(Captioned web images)

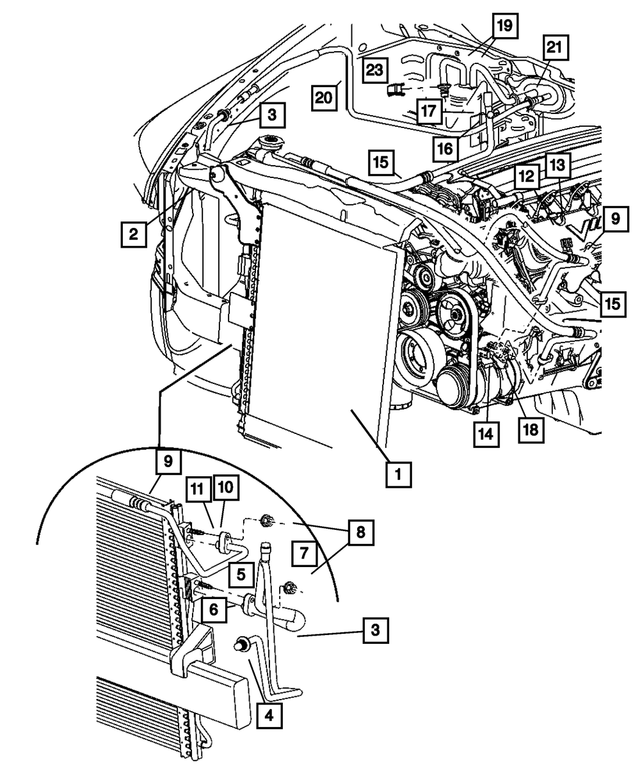 5011346AA - Air Conditioning &amp; Heater: A/c Line Valve Core for Mopar Image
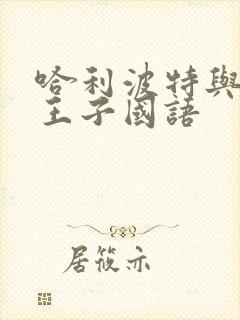 哈利波特与混血王子国语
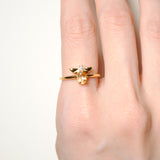 (シトリン&モアサナイト/gold) garden bee ring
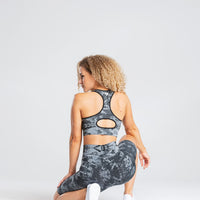 Camo Seamless Cycling Shorts | Black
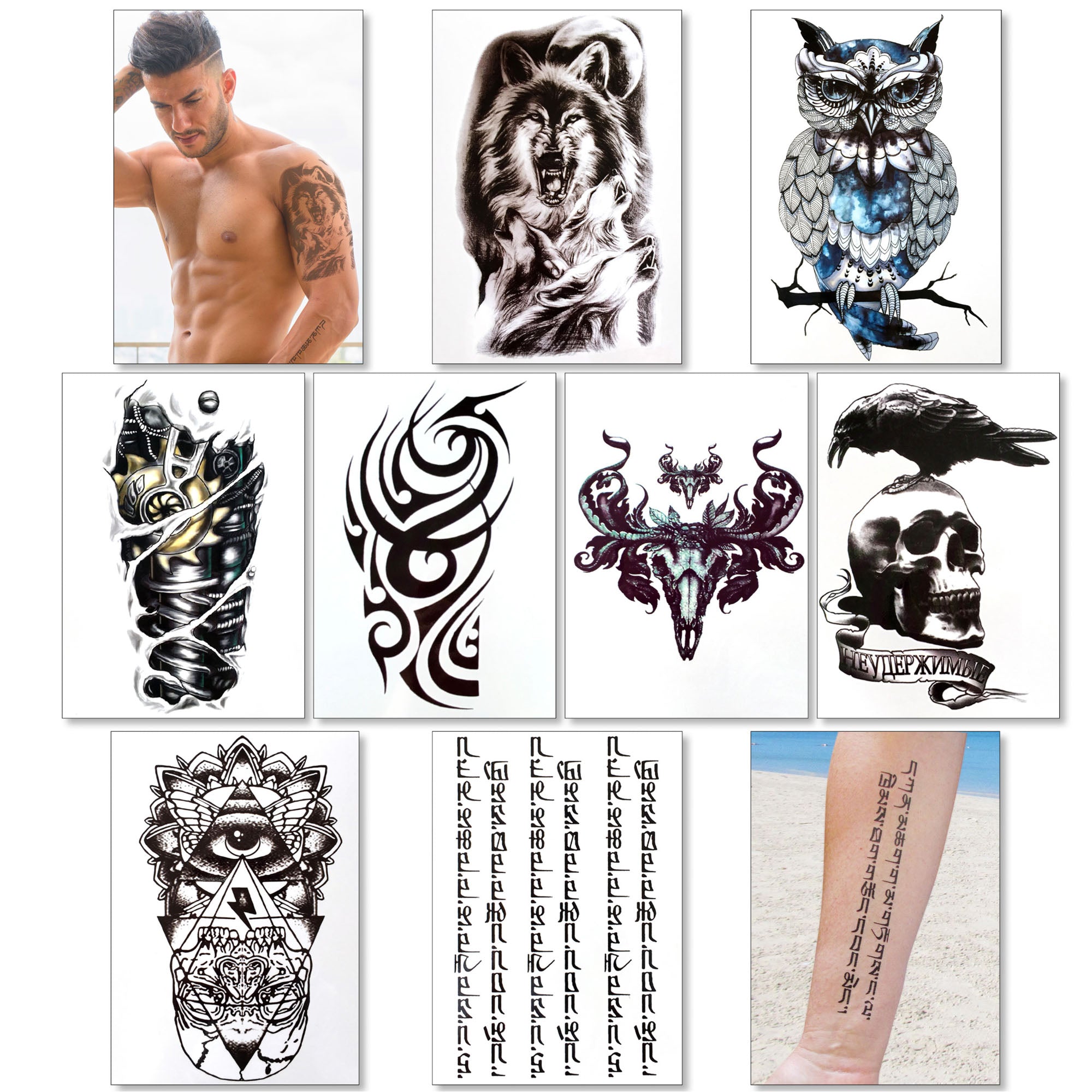 X designer Unisex Temporary Tattoo - Price in India, Buy X designer Unisex  Temporary Tattoo Online In India, Reviews, Ratings & Features | Flipkart.com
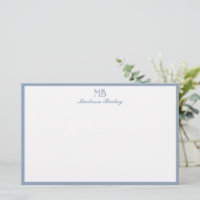 Monogram dekorativ typografi | Dusty Blue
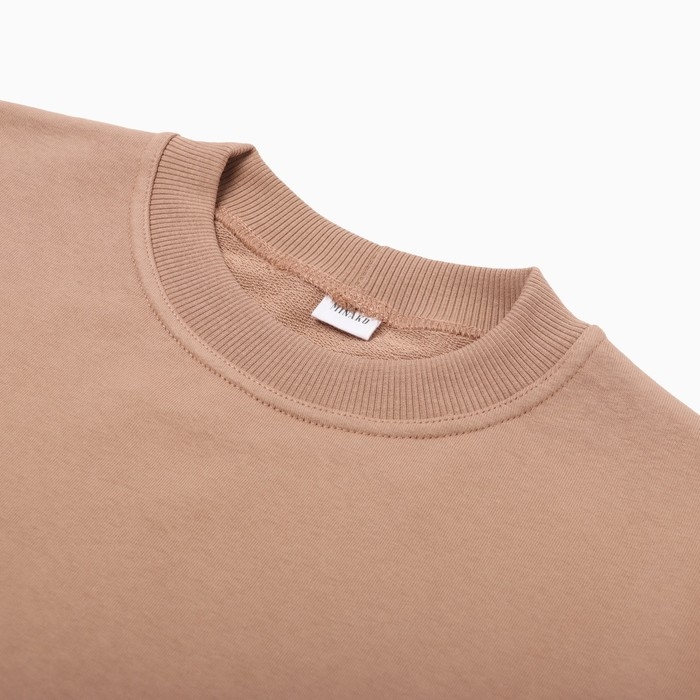 Футболка мужская из органического хлопка MINAKU REGULAR FIT: цвет бежевый, р-р 48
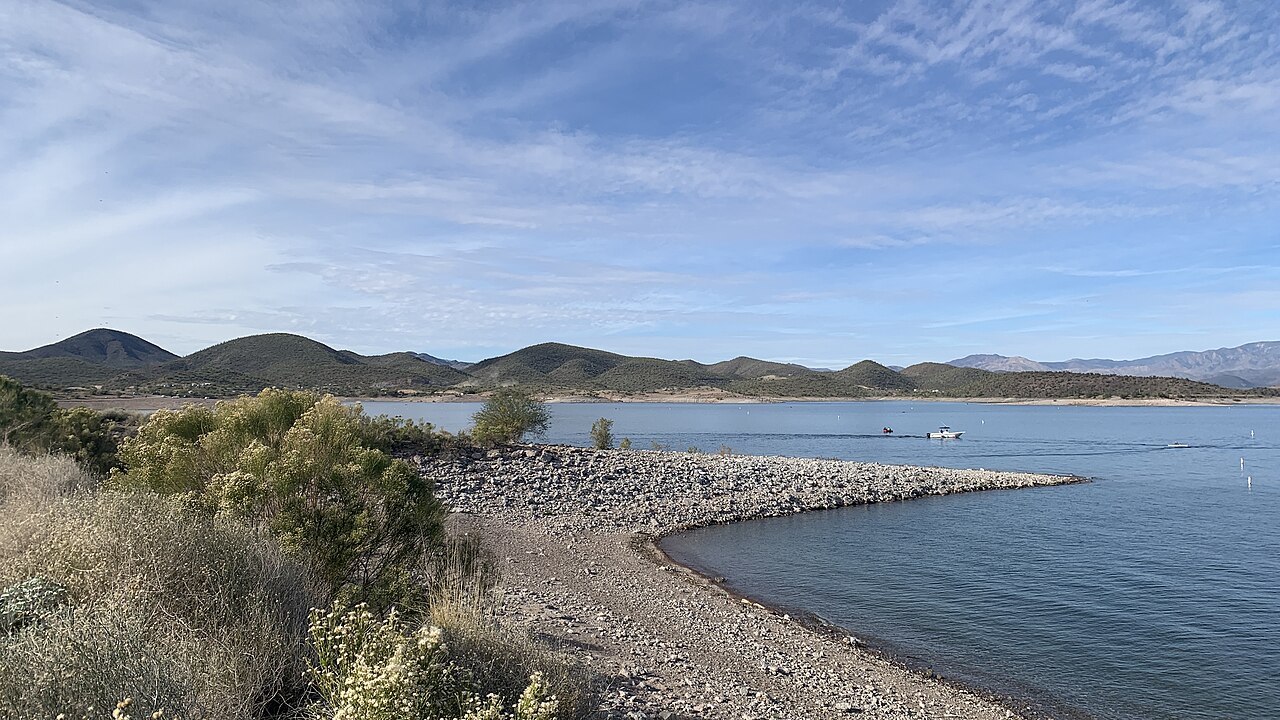 View of Lake Pleasant in Peoria, Arizona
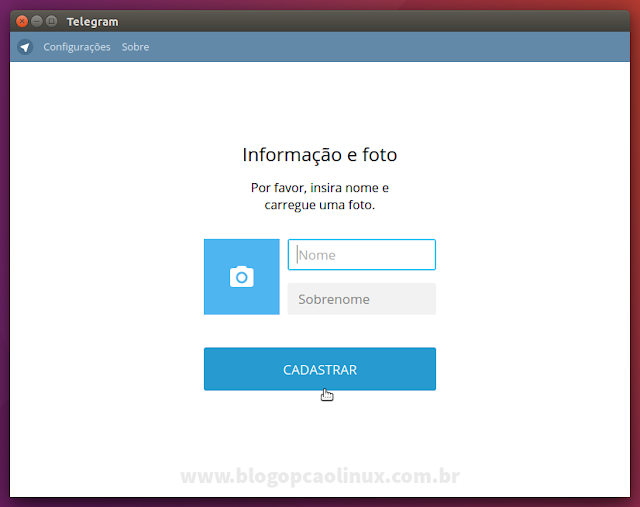 Informe o seu nome e sobrenome, além de uma foto de perfil Informe o seu nome e sobrenome, além de uma foto de perfil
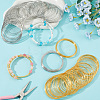 200Pcs 2 Colors Steel Memory Wire FIND-SP0002-08-4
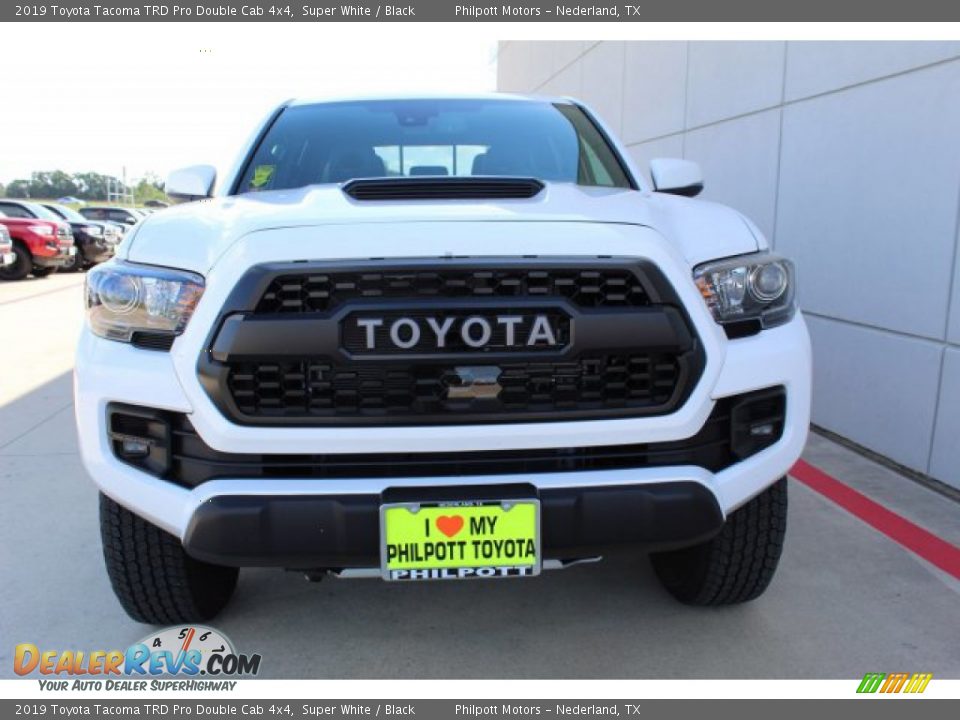 2019 Toyota Tacoma TRD Pro Double Cab 4x4 Super White / Black Photo #3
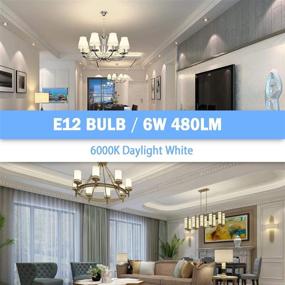 img 1 attached to 💡 Enhanced Ambience: Dimmable Candelabra Equivalent Chandelier Decorative Solution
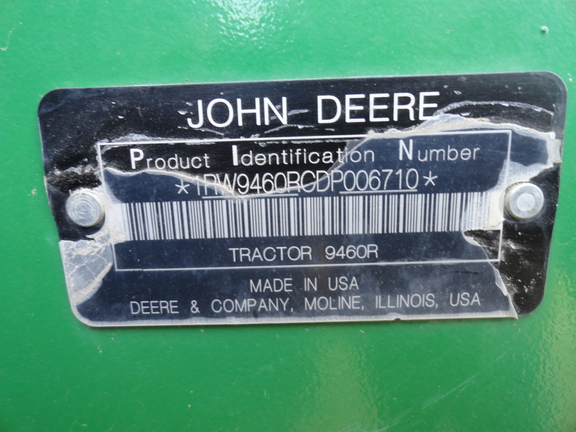 2013 John Deere 9460R Tractor 4WD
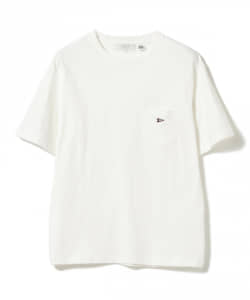 ▲B:MING by BEAMS / USAコットン ワッペン ポケットTシャツ(レギュラーフィット)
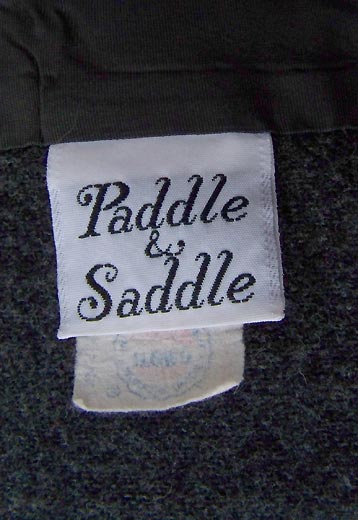 vintage 80s paddle & saddle label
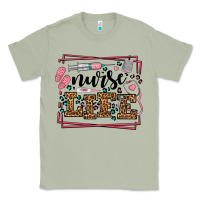Matcha Nurse life leopard frame Classic Tee - LillyAllenDesigns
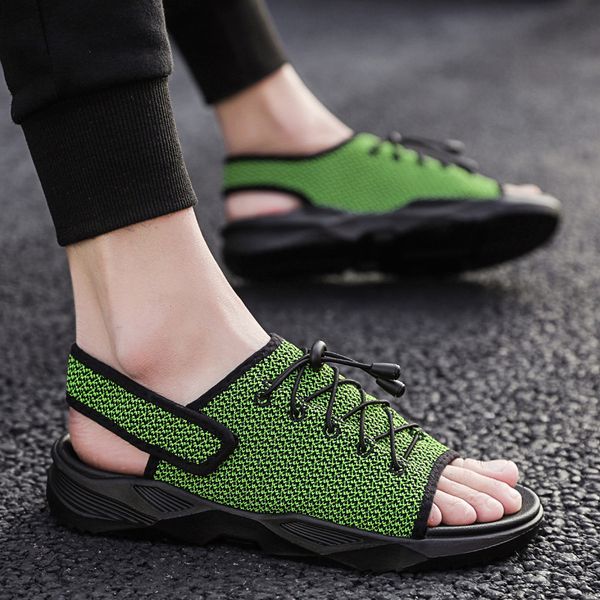 teenager summer casual shoes new men sandals gladiator sandals open toe platform outdoor beach sandal rome footwear black
teenager summer casual shoes new men sandals gladiator sandals open toe platform outdoor beach sandal rome footwear black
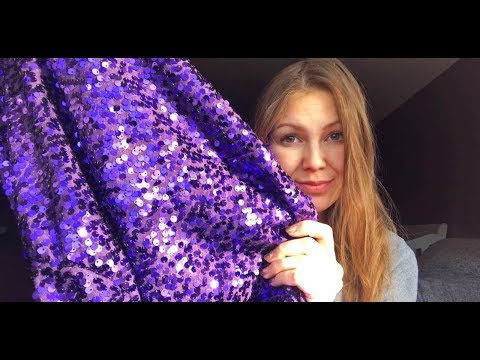 ASMR || The MOST TINGLY Sequin Dress || Whisper Ramble + Up Close Visuals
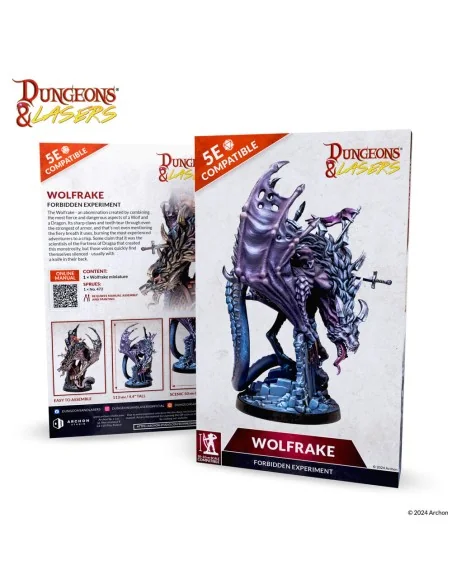 Dungeons & Lasers Miniatures: DEUSLAIR: WOLFRAKE - Archon Studio DN...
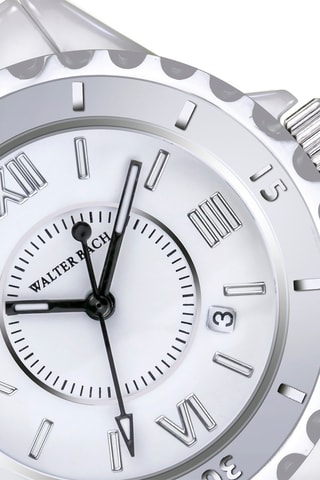 Montre à quartz en céramique - Blanc - Walter Bach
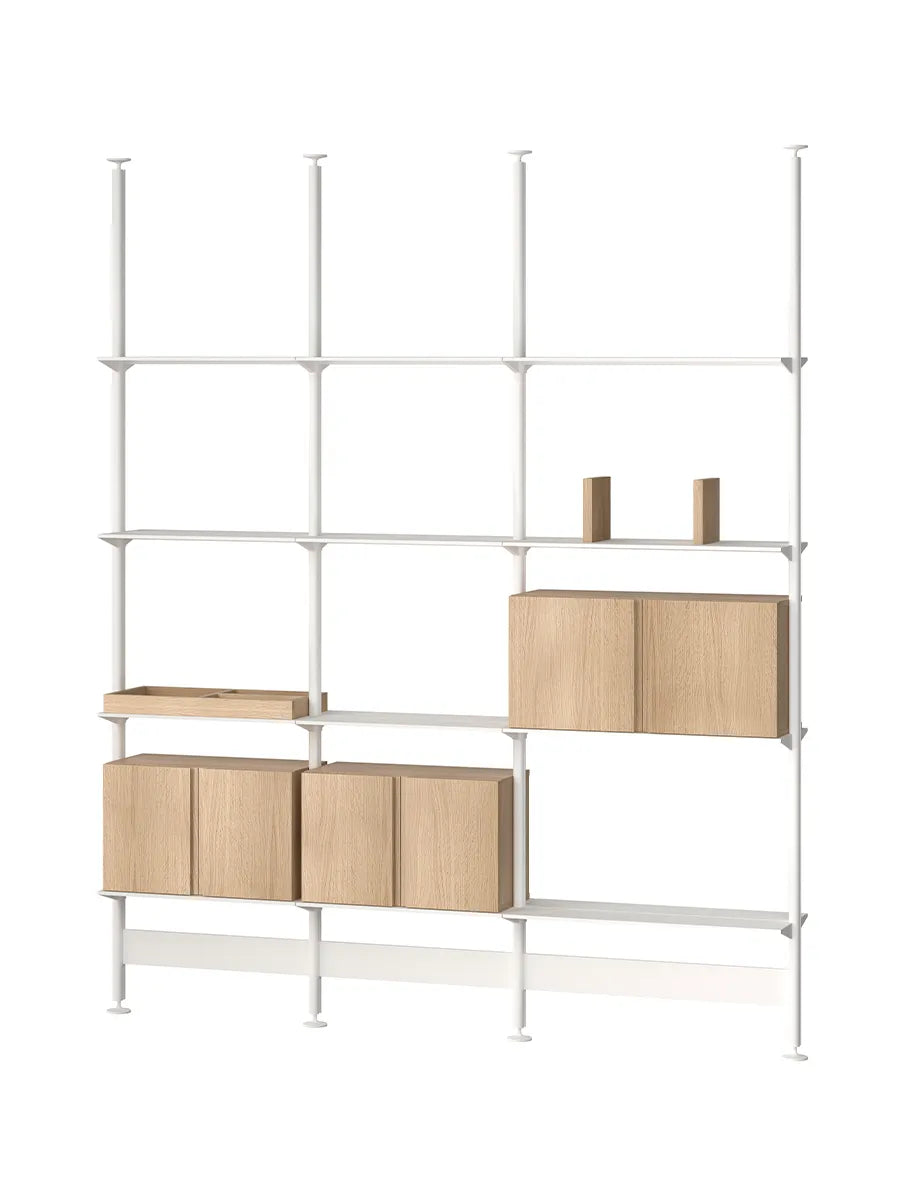 Pira G2 Floor-to-Ceiling Shelving Bundle C fra String - 7 - Jacobsen Plus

**Task statement:** All that is wanted is each line, word for word, from the first line of the data to the one holding "ASMR || The", with the pictures left out.

**Solved exercise:**
 5011346AA - Air Conditioning &amp; Heater: A/c Line Valve Core for Mopar Image
 哈利波特与混血王子国语
 (シトリン&モアサナイト/gold) garden bee ring
 Camo Seamless Cycling Shorts | Black
 X designer Unisex Temporary Tattoo - Price in India, Buy X designer Unisex  Temporary Tattoo Online In India, Reviews, Ratings & Features | Flipkart.com
 Monogram dekorativ typografi | Dusty Blue
 Футболка мужская из органического хлопка MINAKU REGULAR FIT: цвет бежевый, р-р 48
 View of Lake Pleasant in Peoria, Arizona
 Informe o seu nome e sobrenome, além de uma foto de perfil Informe o seu nome e sobrenome, além de uma foto de perfil
 200Pcs 2 Colors Steel Memory Wire FIND-SP0002-08-4
 2019 Toyota Tacoma TRD Pro Double Cab 4x4 Super White / Black Photo #3
 img 1 attached to 💡 Enhanced Ambience: Dimmable Candelabra Equivalent Chandelier Decorative Solution
 2013 John Deere 9460R Tractor 4WD
 ▲B:MING by BEAMS / USAコットン ワッペン ポケットTシャツ(レギュラーフィット)
 vintage 80s paddle & saddle label
Matcha Nurse life leopard frame Classic Tee - LillyAllenDesigns
 teenager summer casual shoes new men sandals gladiator sandals open toe platform outdoor beach sandal rome footwear black
teenager summer casual shoes new men sandals gladiator sandals open toe platform outdoor beach sandal rome footwear black
 ASMR || The MOST TINGLY Sequin Dress || Whisper Ramble + Up Close Visuals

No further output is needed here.